2. Il ricorso – i cui due motivi possono essere esaminati congiuntamente – sono infondati.

Sul primo motivo di appello (violazione e falsa applicazione dell’art. 2697 c.c.) va rilevato che nel caso di specie il primo giudice ha esattamente usato i propri poteri istruttoria al fine di verificare quanto aveva formato oggetto di richiesta monitoria, procedendo all’esame dei testi come richiesti; per cui sotto questo profilo i giudici di merito hanno fatto corretta applicazione del principio dell’onere della prova; come pure non censurabile è la valutazione di merito della prova per testi al fine di verificare quanto l’Ispettrice del lavoro aveva verificato in sede di ispezione amministrativa.

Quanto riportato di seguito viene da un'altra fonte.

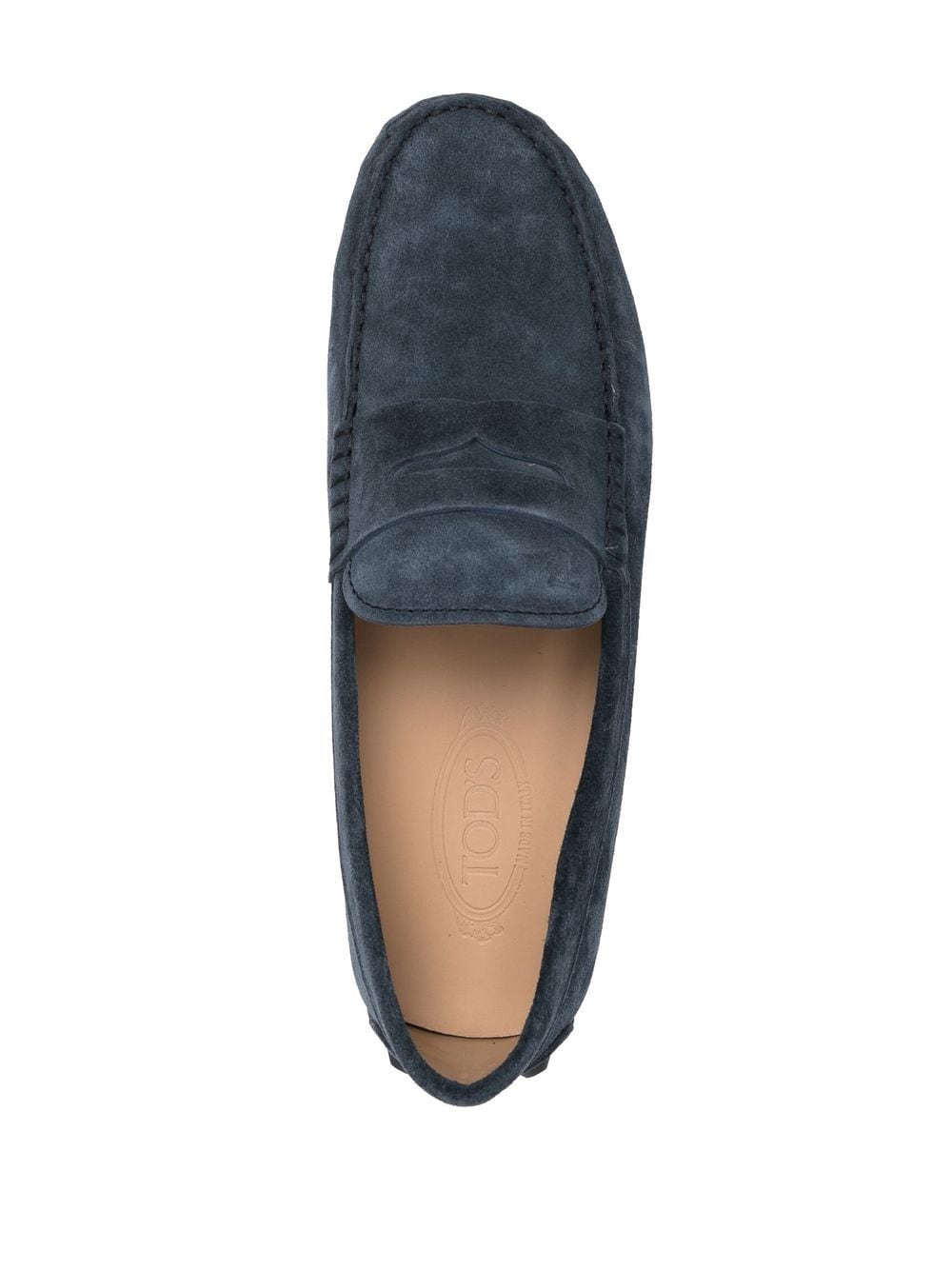 Tod's Flat shoes Blue XXM52K00640RE0U805 (Tod's / ローファー ) | Tod's (トッズ)(2)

In ordine al secondo motivo (violazione ed erronea applicazione dei principi di diritto in materia di individuazione e/o riscontro degli indici rivelatori del lavoro subordinato) la Corte d’appello ha puntualmente osservato che dalle dichiarazioni rilasciate all’Ispettore del lavoro in occasione della visita ispettiva effettuata in (OMISSIS), presso la sede comunale, era emerso che le lavoratori in questione fin dal 1990 erano state addette alle pulizie dei locali del Comune per due ore al giorno per quattro giorni la settimana, attività lavorativa espletata in maniera subordinata, nonostante la sottoscrizione di apposita convenzione al fine di apparire come contratto d’opera un rapporto di lavoro che, per le modalità di espletamento, non può non essere qualificato subordinato.

Infatti al fine della qualificazione di un rapporto di lavoro come autonomo o subordinato è necessario avere riguardo, più che alla qualificazione utilizzata dalle parti, ancorchè espressamente enunciata in un atto scritto (convenzione), alla effettiva natura ed al reale contenuto del rapporto stesso, nonchè alle modalità di espletamento delle mansioni che costituiscono l’oggetto della prestazione lavorativa.

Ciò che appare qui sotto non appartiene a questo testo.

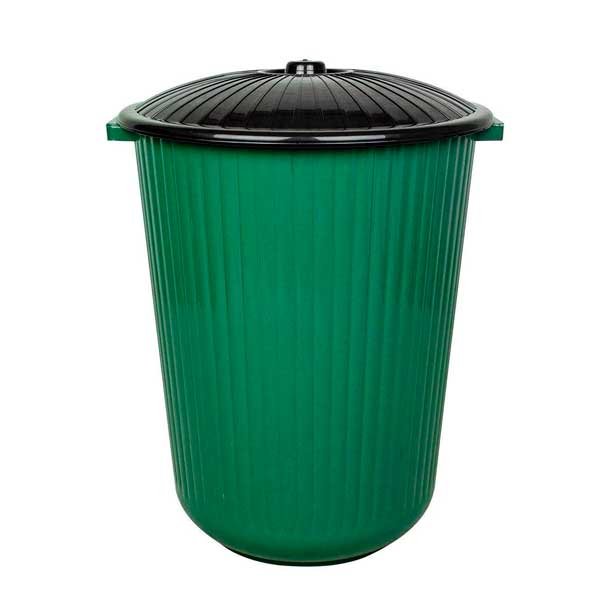 Cesto Redondo com Tampa 60lts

Nel rapporto di lavoro di cui è causa – ha osservato la Corte d’appello – l’oggetto della prestazione è rappresentato dall’energia lavorativa che le lavorataci hanno posto a disposizione del datore di lavoro nell’adempimento della loro obbligazione che era quella di tenere sempre puliti i locali; in questo senso l’energia lavorativa prestata si inseriva nell’organizzazione comunale che, in quanto tale, non poteva non prevedere anche quello della pulizia della sede del Comune stesso, a prescindere dal fatto che nell’organico del personale comunale vi fosse o meno un posto di ausiliario con compiti di addetto alle pulizie.

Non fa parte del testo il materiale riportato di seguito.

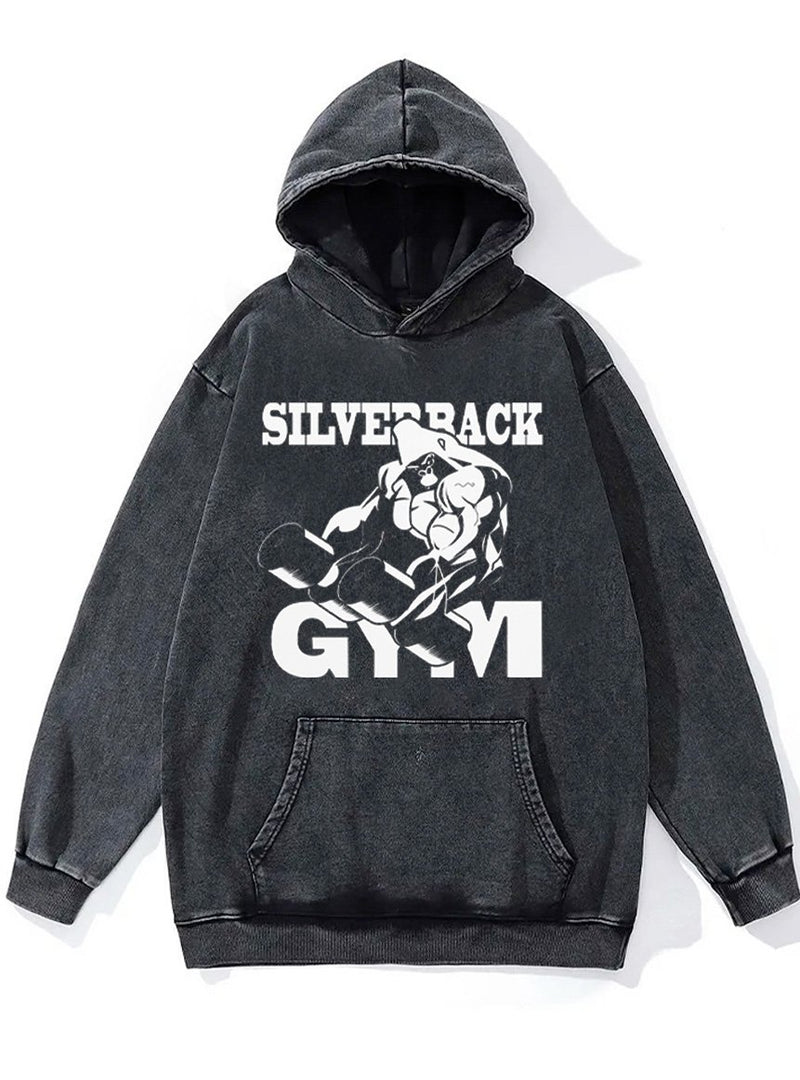 silverback Washed Gym Hoodie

In realtà – ha concluso la Corte d’appello all’esito di valutazioni di merito non censurabili in sede di legittimità in quanto assistite da motivazione sufficiente e non contraddittoria – si è trattato nella specie di reale rapporto di lavoro subordinato, sub specie di contratto d’opera di cui aveva solo la veste formale, ma non anche il contenuto sostanziale.

3. Il ricorso va quindi rigettato.

Sussistono giustificati motivi (in considerazione delle questioni dibattute e della problematicità della ricostruzione dei fatti di causa) per compensare tra le parti le spese di questo giudizio di cassazione.

P.Q.M.

La Corte rigetta il ricorso. Compensa tra le parti le spese di questo giudizio di cassazione.

Così deciso in Roma, il 20 maggio 2010.